# [About this task]
Output all of the data below without changing a word, and exclude the pictures.

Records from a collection
==========

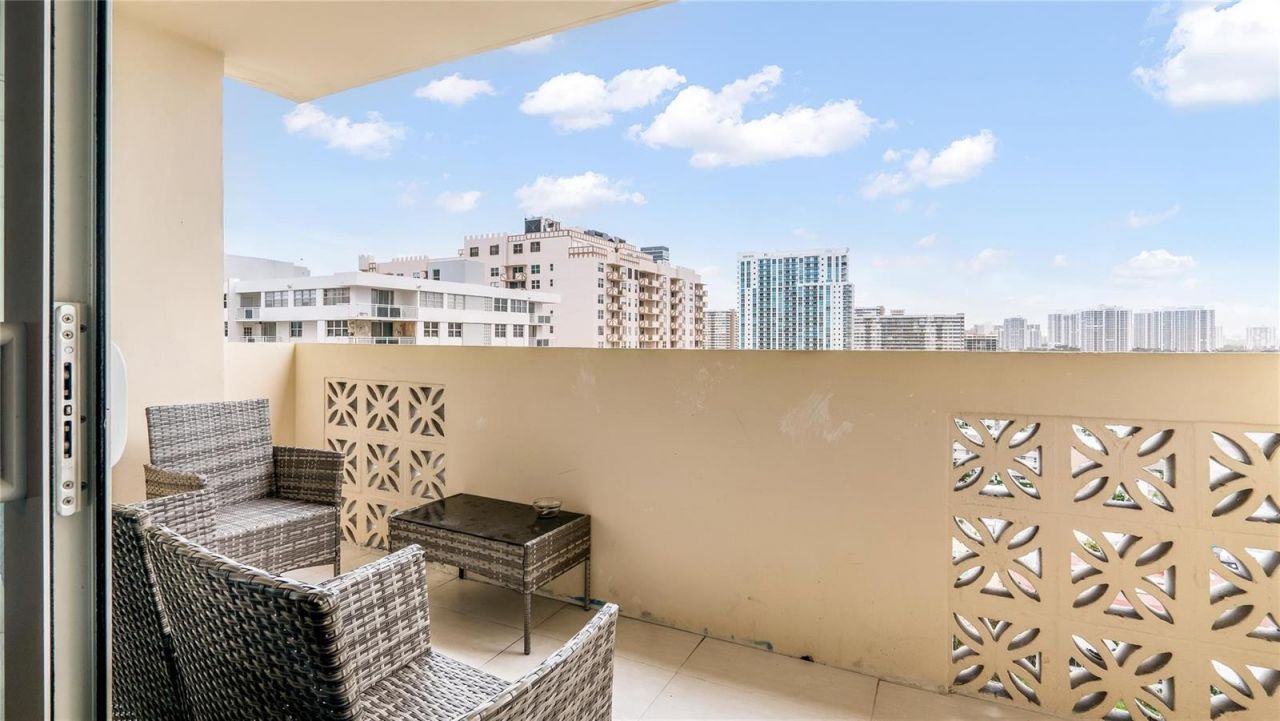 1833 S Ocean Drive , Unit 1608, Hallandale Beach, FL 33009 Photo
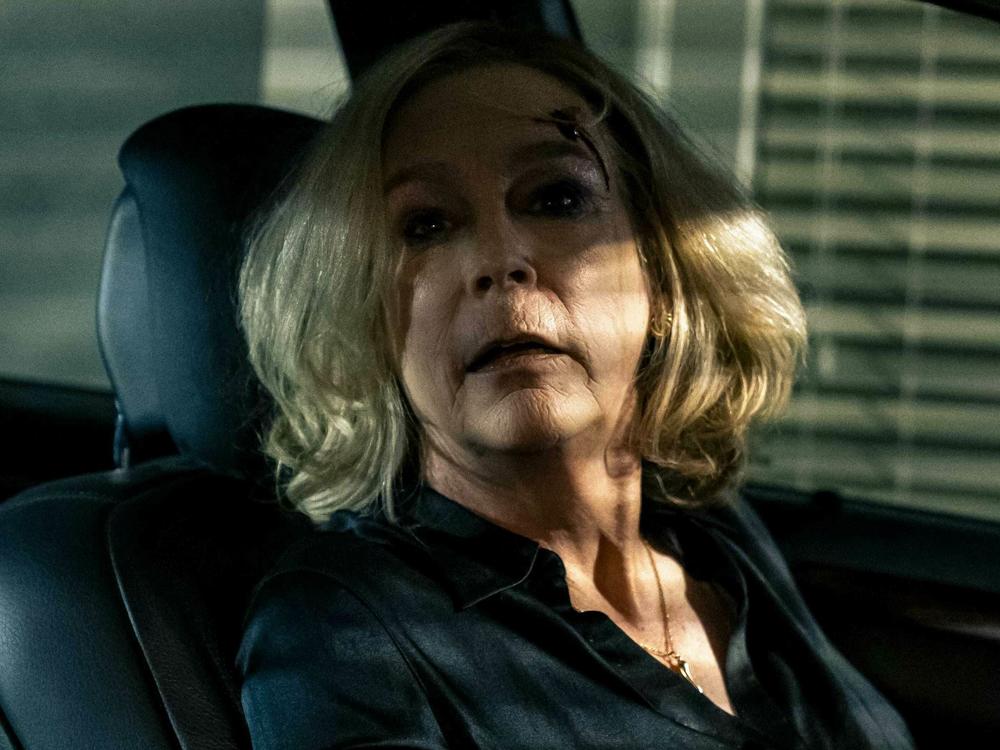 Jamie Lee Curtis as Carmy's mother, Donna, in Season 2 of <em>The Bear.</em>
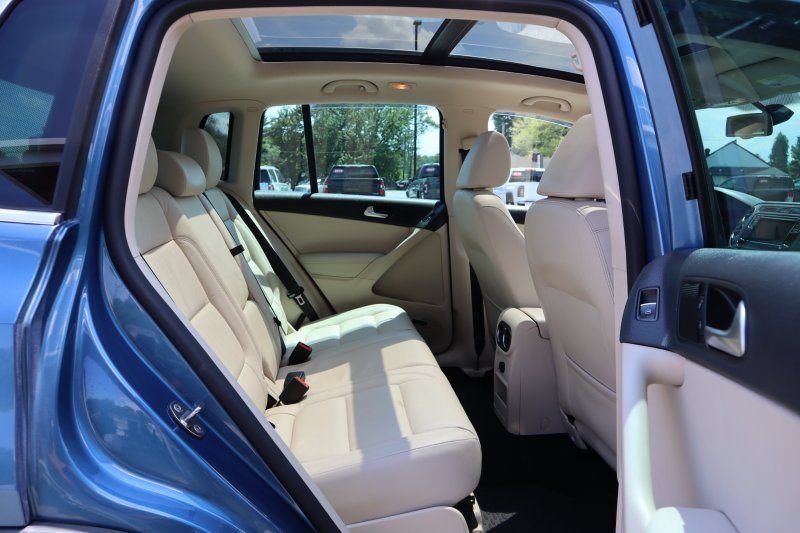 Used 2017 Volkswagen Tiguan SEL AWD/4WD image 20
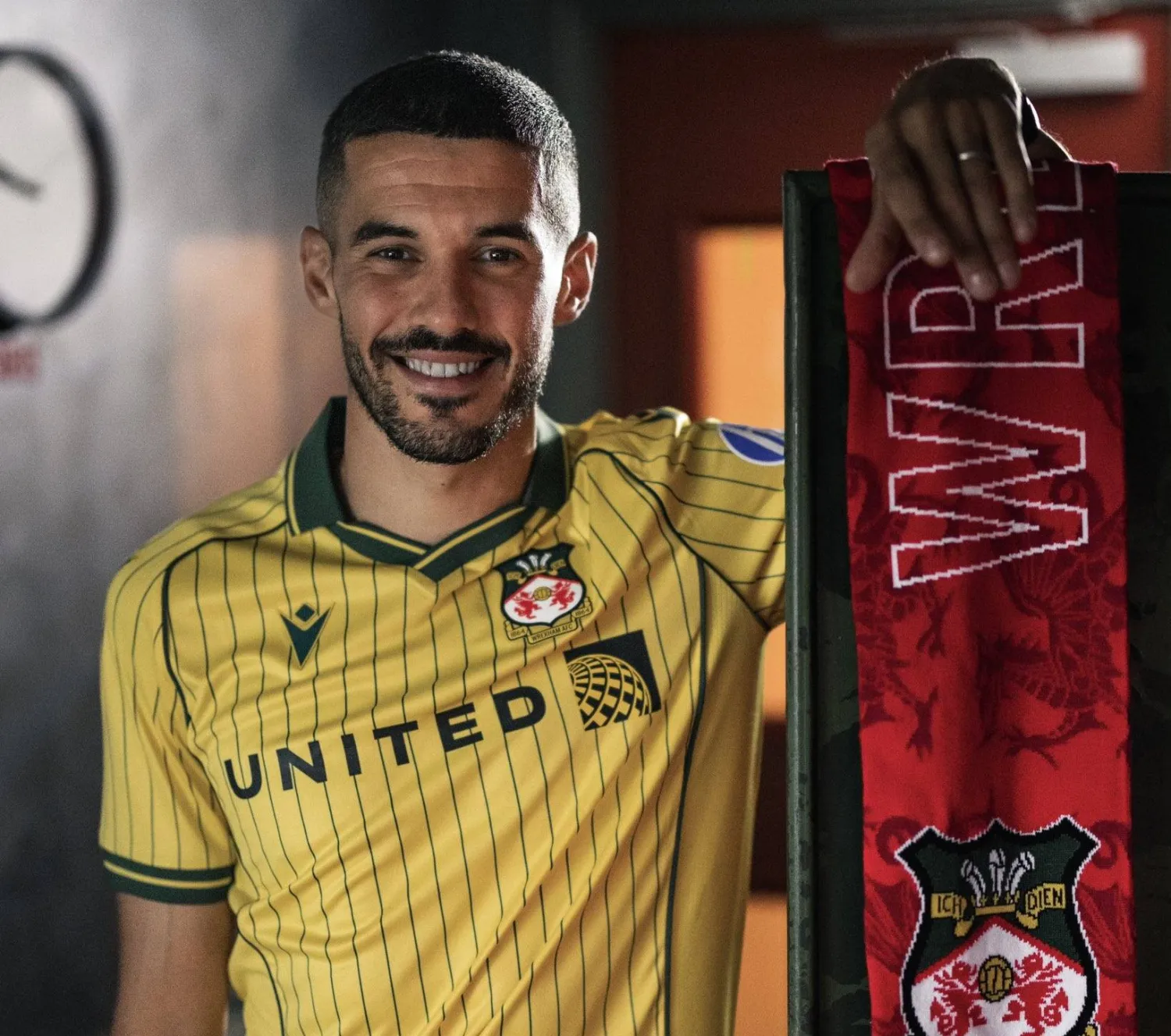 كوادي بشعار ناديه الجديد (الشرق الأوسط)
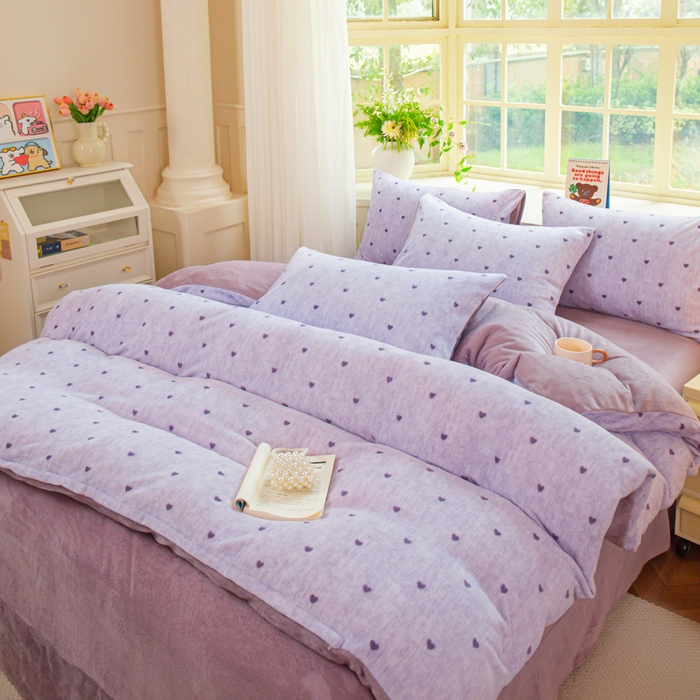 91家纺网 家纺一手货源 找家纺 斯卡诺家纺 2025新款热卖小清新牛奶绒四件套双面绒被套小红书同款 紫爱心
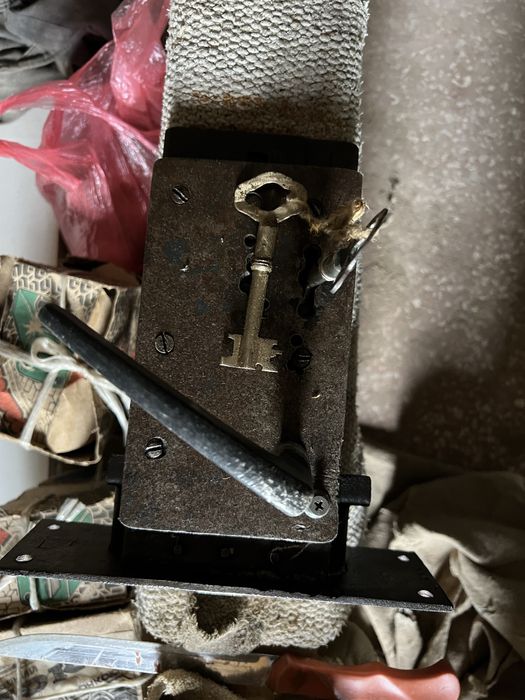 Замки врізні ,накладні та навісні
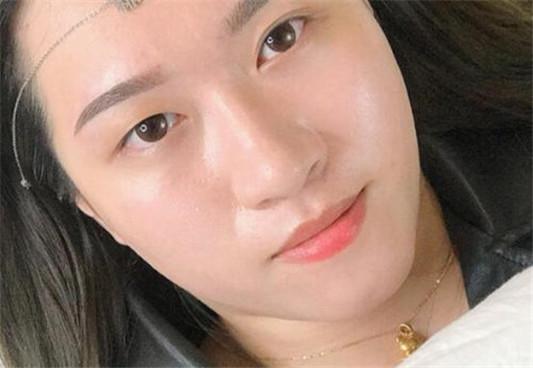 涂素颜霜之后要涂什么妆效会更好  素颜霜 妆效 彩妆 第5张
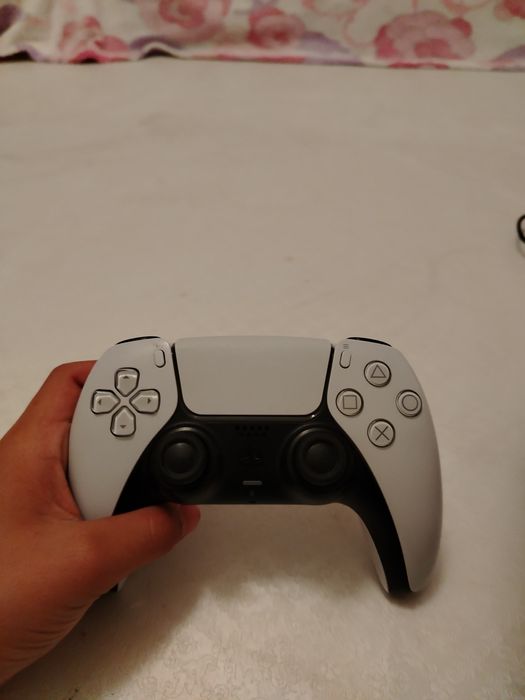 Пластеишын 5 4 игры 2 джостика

==========

# [Response]
 1833 S Ocean Drive , Unit 1608, Hallandale Beach, FL 33009 Photo
 Jamie Lee Curtis as Carmy's mother, Donna, in Season 2 of <em>The Bear.</em>
 Used 2017 Volkswagen Tiguan SEL AWD/4WD image 20
 كوادي بشعار ناديه الجديد (الشرق الأوسط)
 91家纺网 家纺一手货源 找家纺 斯卡诺家纺 2025新款热卖小清新牛奶绒四件套双面绒被套小红书同款 紫爱心
 Замки врізні ,накладні та навісні
 涂素颜霜之后要涂什么妆效会更好  素颜霜 妆效 彩妆 第5张
 Пластеишын 5 4 игры 2 джостика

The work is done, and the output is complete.